Sevenfact is a new recombinant activated factor VII product.  It is similar to NovoSeven but made by a completely different process.  For Sevenfact, rabbits have been genetically engineered to produce factor VII in their milk.  The rabbits are milked and the milk purified to capture the factor VII, which is then activated to produce the final product.  Producing a protein in a genetically-engineered animal is called transgenic production. It has also been used for other pharmaceutical products approved by FDA.  Its advantage is that very large amounts of protein can be produced at relatively low cost.  It was originally seen as a way to produce high-quality but lower-cost products for developing countries, but that aspect has yet to be realized.

 

Gene Therapy

Gene therapy is the process of inserting new, functional factor IX genes into the body to allow it to produce its own normal factor IX.  The single gene therapy product currently available in the U.S. for treatment of hemophilia B is listed below in Table 4.

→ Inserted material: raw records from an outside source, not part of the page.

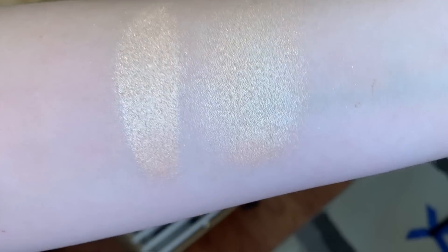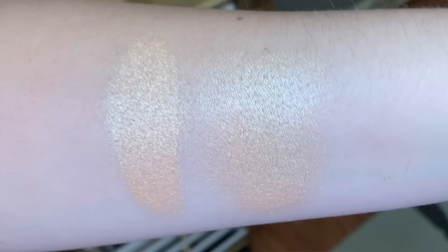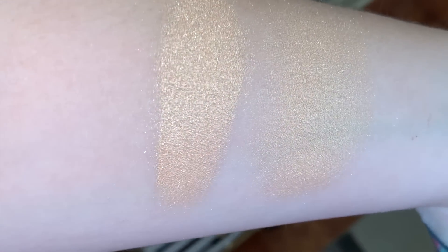Now let me go ahead and show you a quick swatch of this highlighter before moving on to the palette. This is what the palette looks like — so instead of being a little bit chic on the outside and cute, it's just cute. It's just plain straight up cute.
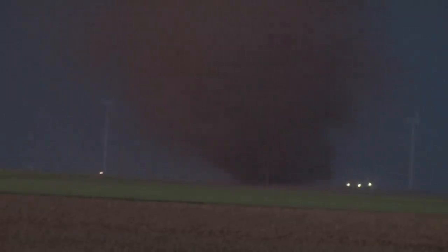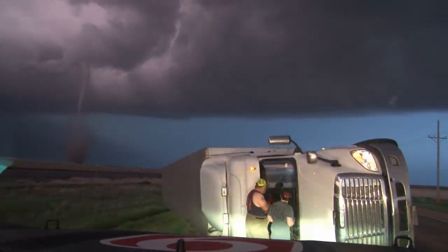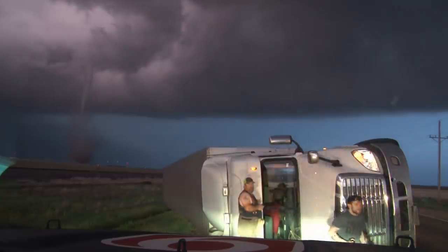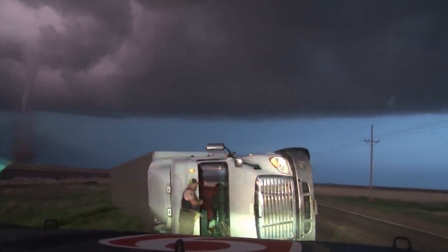It's getting kind of dark out here. The guy is okay — he cut his seat belt, he had to cut his seat belt. Now we've got paramedics and a fire truck arriving.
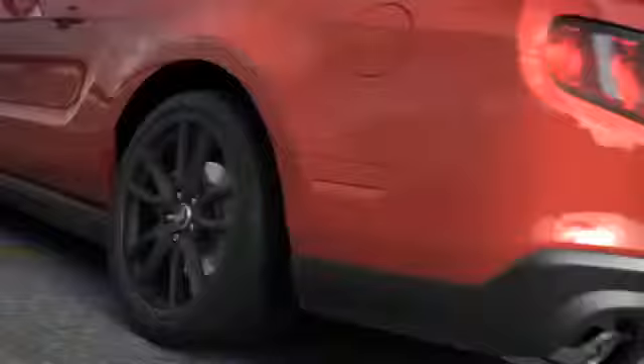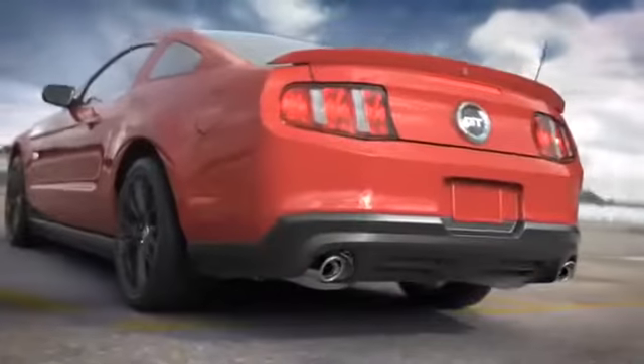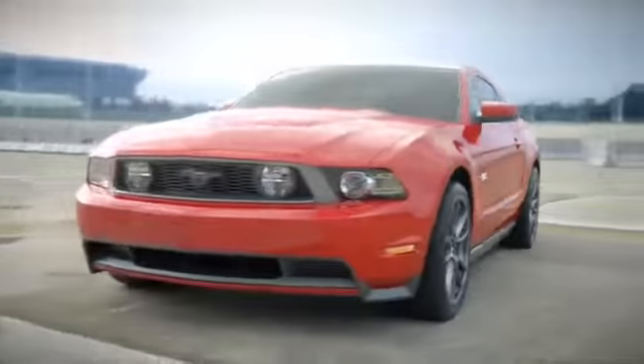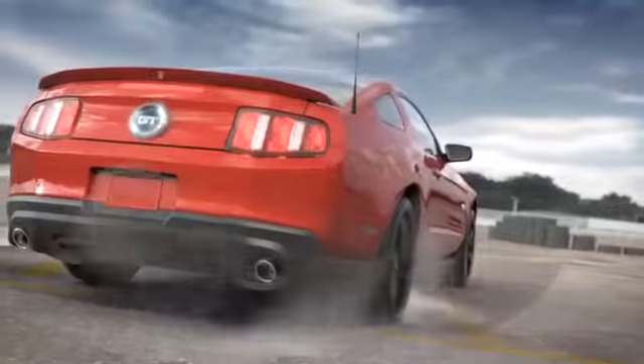5.0 — The return of a legend. Remastered. Perfected. Bred to deliver 412 horsepower and 390 foot-pounds of torque.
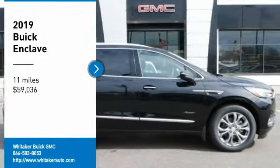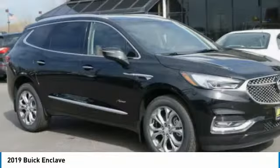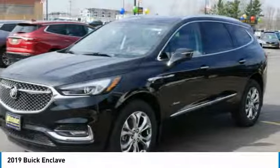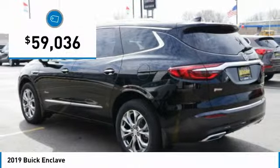Looking for the right vehicle? Check out the 2019 Buick Enclave. The Enclave offers three rows of seats standard with seating for up to eight passengers. Not only is it roomy and stylish, but Buick really did its homework on this vehicle — they did not cut any corners, and it is priced below $60,000.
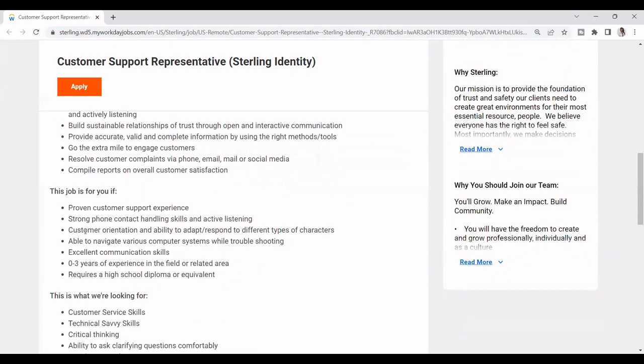This job is for you if you have proven customer support experience, strong phone and contact handling skills, customer orientation, the ability to navigate various computer systems, and excellent communication skills. You don't have to have a lot of experience to apply for this job.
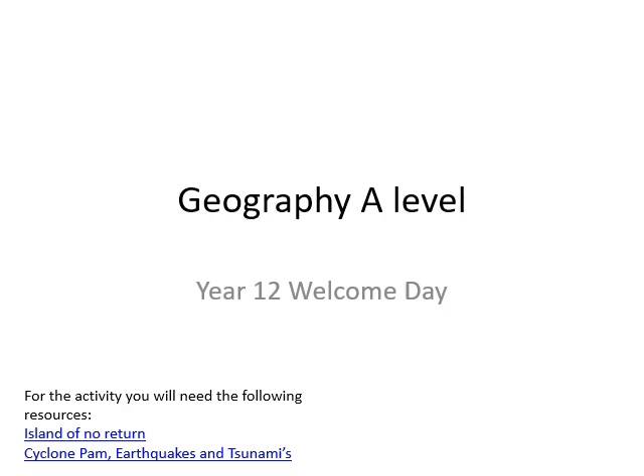Hello and welcome to Geography A Level Taster Session. For those of you who don't know me, my name is Mr Byrne and I'm the Head of Geography at Newstead Wood and I will be running this session today. I'm sorry you can't put a face to the name but hopefully in September you will get to meet me.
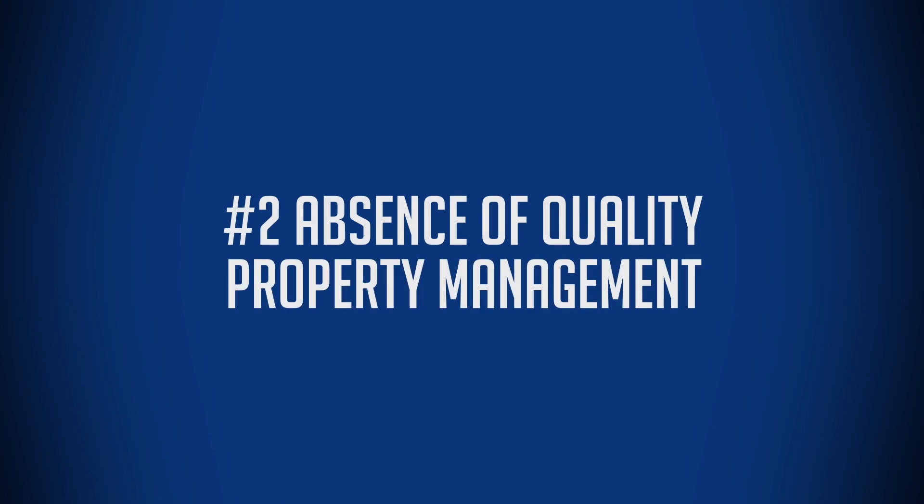Number two is the absence of quality property management. You wouldn't think this was the case, but disorganization, lack of routine repairs — all the things you don't want to see, perhaps because the property manager is the owner of the building — makes it easier for you to come in with professional management, take over that building, and solve those problems. Maybe it's those problems that are leading the seller to sell the property.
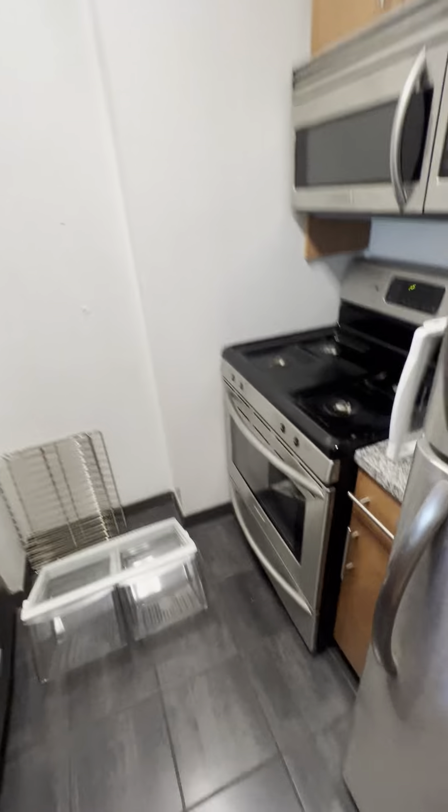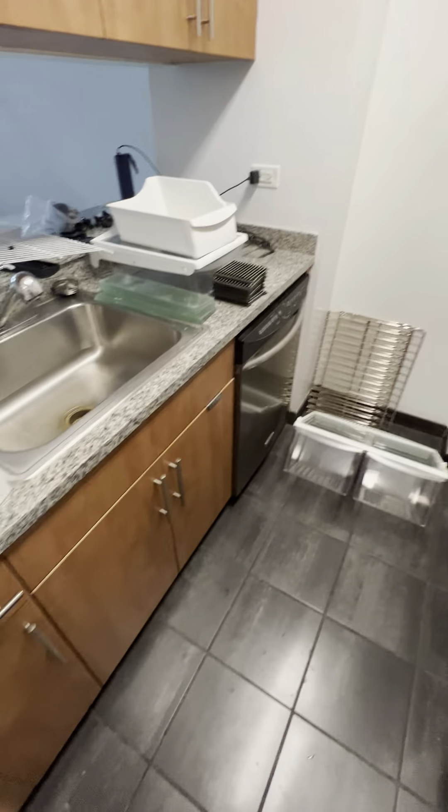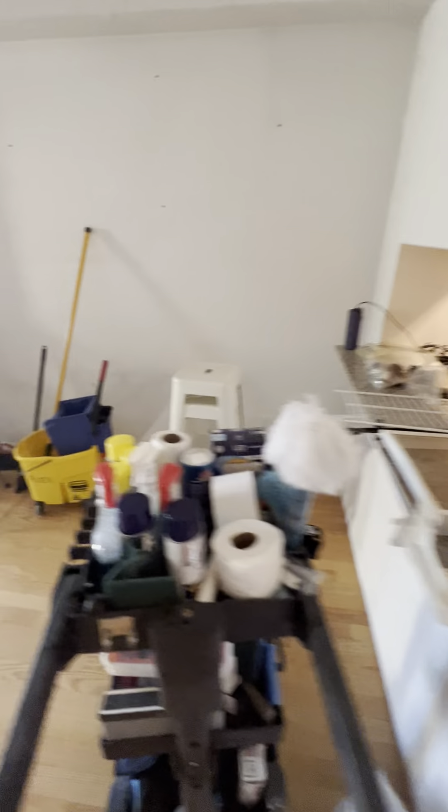Yeah, over here, the view. Lots of light coming in and a huge window, which is very nice. Lots of natural light.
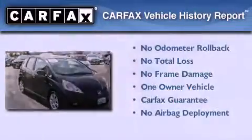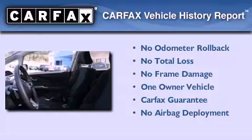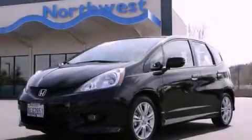This Honda has had only one owner, and it qualifies for the Carfax buyback guarantee. This vehicle is sure to sell fast. Call and arrange your test drive today.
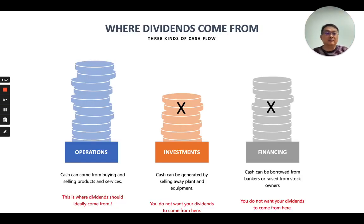Stock dividends can come from three possible sources on the cash flow statement. The first source is cash flow from operations — this is where dividends should ideally come from, where you get money from buying and selling products and services. However, some managers might try to financially engineer dividends by selling plant and equipment, which is not good because it means you are killing off your golden goose rather than collecting eggs from it. More enterprising managers might even borrow money from a bank to pay investors in the form of a dividend, and you don't want your dividends to come from that source either.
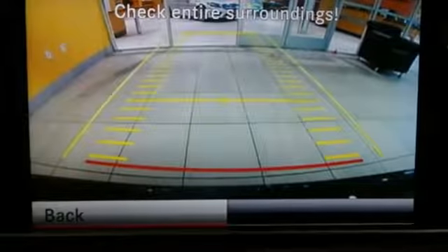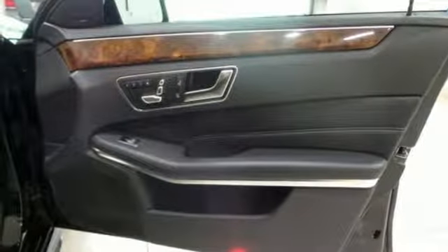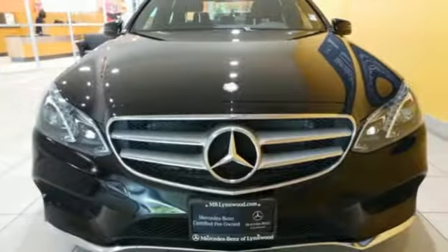Inside, it includes climate control, driver memory settings, a garage door transmitter, multiple airbags, and an auto tilt-away steering wheel. A fine entry into Mercedes-Benz's impressive automotive legacy.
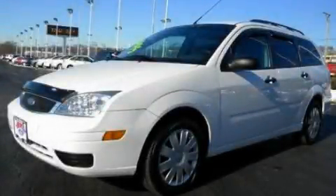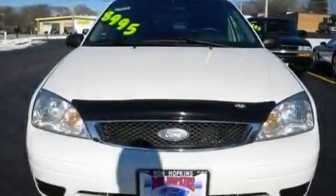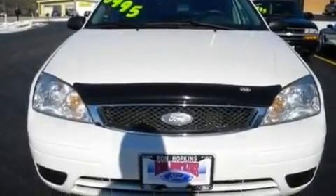This is a 2005 Ford Focus. It has a 2.0-liter four-cylinder engine and a four-speed automatic transmission.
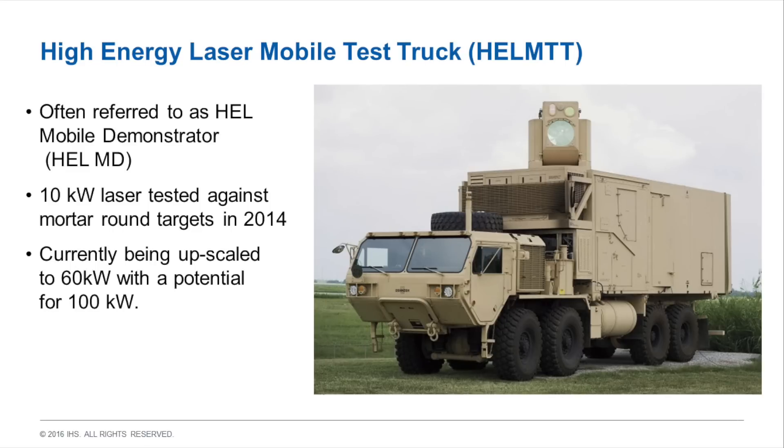The US Army has been running the High Energy Laser Mobile Demonstrator program for many years. In 2014, Boeing demonstrated a 10 kilowatt laser against a mortar round. They are currently developing a 60 kilowatt laser with plans to move towards 100 kilowatts, reaching operational capability within a few years. Meanwhile, Lockheed Martin is developing a 60 kilowatt laser under the Robust Electric Laser Initiative, or RELI, made up of six 10 kilowatt modules that can be upscaled to 120 kilowatts. This system may be combined with HELMD to create the final Army fielded system, subject to competition.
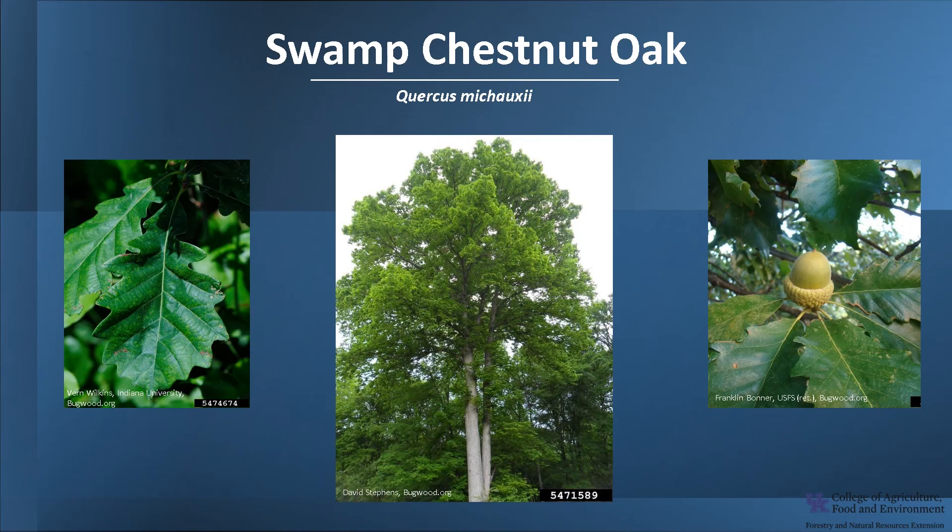I hope you get the opportunity to get out into your woodlands, a local park, or neighborhood, and enjoy the beautiful trees of Kentucky, including the Swamp Chestnut Oak.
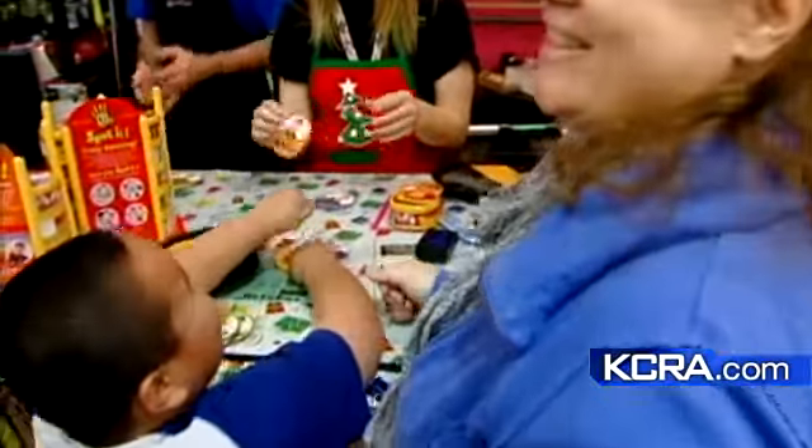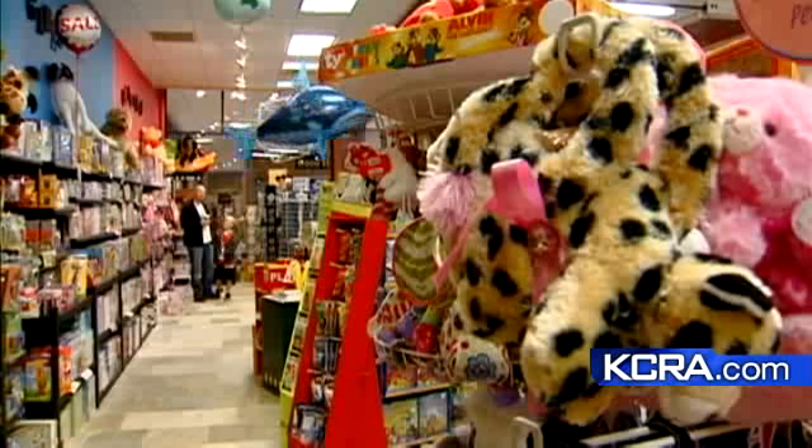In most cases, these toys require no batteries, no TV — just imagination. All the learning toys, and I mean, it's our kids' favorite store, actually.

Hemgenix and Beqvez both use an adeno-associated virus, serotype 5 (AAV5) for Hemgenix and serotype Rh74var (AAVRh74var) for Beqvez to deliver the high-activity Padua factor IX gene to cells in the liver.  The AAV viral genes are replaced with the factor IX gene, so there is no risk of infection.  AAV targets the liver to introduce the new factor IX gene into liver cells, where factor IX is normally made.  The results are somewhat variable.  Most patients will obtain factor IX levels in the mild hemophilia range (5 – 50% of normal), but a few will see higher levels in the normal range (50 – 150%).  The products may also be ineffective in a few patients   The duration of the effect, the length of time that factor IX production will last, is currently unknown, but similar, earlier experimental versions have lasted up to 15 years so far.

There are a number of limitations to these treatments.  Beqvez requires patients to be negative for pre-existing antibodies to the AAVRh74var viral vector.  Hemgenix does not have a limitation against pre-existing antibodies to AAV5, but their clinical studies show that it was not effective in a patient with an extremely high level.

Neither product is indicated for patients under 18 years of age or for women with hemophilia.  There is also a risk of liver inflammation after receiving the infusions, and patients with pre-existing liver damage should only be treated under the supervision of a hepatologist (liver doctor).  If liver inflammation occurs, patients are treated with corticosteroids.  Untreated inflammation can result in decreased factor IX production, as well as other health effects.

 

Ancillary Treatments

The ancillary products currently available in the U.S. for treatment of patients with hemophilia B are listed below in Table 5.

These three products can be used to treat minor bleeds in patients with mild (factor level 5 - 50% of normal) or moderate (1 - 5%) hemophilia.  All three are fibrinolytics, which inhibit the breakdown of clots.  As soon as the clotting system is activated, the fibrinolytic system, which is part of the healing process, is also activated to start breaking down the clot.  In a patient without hemophilia, the clotting process is very rapid compared to the fibrinolytic process, so a good clot is produced that only gradually breaks down over time.  In a patient with hemophilia, however, the clotting process is much slower, so inhibiting the fibrinolytic process can make a difference in whether or not a stable clot is formed.

The large number of products available for treatment of hemophilia B increases the chances that every patient can find a product that works well for them.  Selecting the best product may be a process of trial and error, but working with an experienced hemophilia treater can shortcut the process.  If you think you could be getting better results, don’t hesitate to ask your physician.